In Russia there are large centers for the disposal of liquid RAO and their burial (Chelyabinsk-65e Krasnoyarsk-26, etc.). Unfortunately, the existing methods of neutralization (cementing, vitrification, bituminization, etc.), as well as the burning of solid RAO in ceramic chambers (NPO "Radon") radioactive waste poses a significant danger to the environment. So, at the Mayak training ground (near Chelyabinsk), up to. 100 million curies of liquid radioactive waste, some of which are simply dumped into water bodies: more than 3 million hectares of land have already been polluted. This area has become a zone of ecological disaster, where oncological diseases have increased by 2 times, the incidence of childhood leukemia by 66%, etc.

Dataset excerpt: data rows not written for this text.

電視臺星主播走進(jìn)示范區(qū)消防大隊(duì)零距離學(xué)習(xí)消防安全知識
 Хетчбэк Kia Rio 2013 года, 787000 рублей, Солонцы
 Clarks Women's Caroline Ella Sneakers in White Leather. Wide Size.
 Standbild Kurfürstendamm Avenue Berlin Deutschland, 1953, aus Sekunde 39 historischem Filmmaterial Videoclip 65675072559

Storage tanks are used to prevent contamination of groundwater and surface water sources. They use impervious devices that ensure the reliable operation of structures and exclude the leakage of waste fluid. The type of reservoir is determined by the nature of the wastewater or solid waste.

There are accumulators of liquid single-phase effluents: storage ponds, evaporation ponds, settling tanks, filtration fields; accumulators of two-phase effluents: tailing and sludge storages, hydraulic ash dumps and solid waste accumulators: ash dumps, sludge collectors, etc.

Accumulators of liquid single-phase drains. Intensely colored industrial wastewater with a strong odor, containing a large number of salts. With a high content (more than 100 g/l) of homogeneous salt in the waste water, it is advisable to evaporate it in order to extract the salt. Industrial wastewater containing a large amount of organic substances that cannot be extracted and used, and waste acids (sulfuric, nitric, hydrochloric) in various proportions, is also sent to these accumulators. In some cases, it is possible to direct wastewater containing only mineral salts into storage tanks, the extraction of which, despite their high concentration, is impractical due to the impossibility of application.

In order to avoid overfilling, it is impossible to send slightly contaminated effluents to storage tanks, which are subject to unimpeded or after treatment at treatment facilities, discharge into a reservoir, as well as. too concentrated wastewater, such as 20% sulfuric acid.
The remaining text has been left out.